In middle school I built a website about the seven wonders of the ancient world. Nothing fancy – just images and some links – and I never published it. Building a personal website over the past few days as per Jeremy’s request feels a bit like coming full circle. My HTML skills remain prepubescent at best, and my barebones site keeps the spirit of GeoCities in the early 1990’s alive and well. Check it out. http://bmw9t.github.com.

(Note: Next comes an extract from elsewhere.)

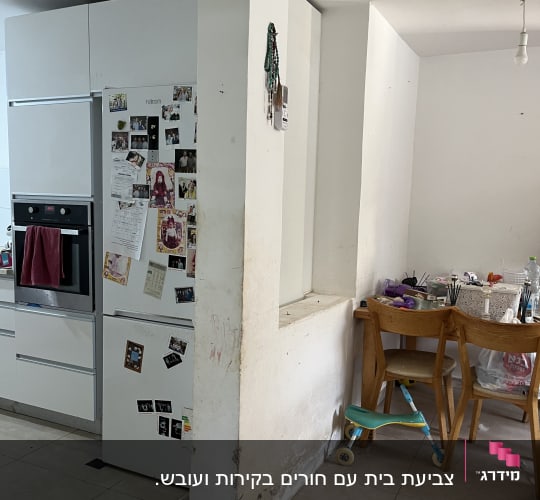 קיר עם סימני לכלוך וציוד צביעה על שולחן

I admit to some hesitation in posting this fledgling site for all to see: so much more could be done to bring it into the twenty-first century. But I keep coming back to Bethany’s encouragement last week to fail in public, advice with which I am in love. My graduate training thus far has emphasized polish and perfection, for clear and obvious reasons. But even at this early stage, my work with Praxis feels more electric knowing that mistakes are welcome and that failure is viewed as a space of experimentation and elaboration rather than embarrassment.
I cannot imagine any sort of collaborative activity (teaching included) that would not benefit from a healthy injection of interpersonal risk. We can’t really work together until we know each other, and that depth of knowledge only comes from admitting that we don’t have all the answers and that we don’t always succeed. Opening yourself up to such failures and recognizing their importance as part of any process is a necessary step towards collaboration that is more honest and certainly more human.
A promise for you out there in the ether: by the end of the year I will have turned failing into an art form. I’m sure in May I will look back on this early site with disdain and an eye to incorporating all sorts of tech wizardry. Maybe I’ll add a GIF. For now, I’m off to break the Internet.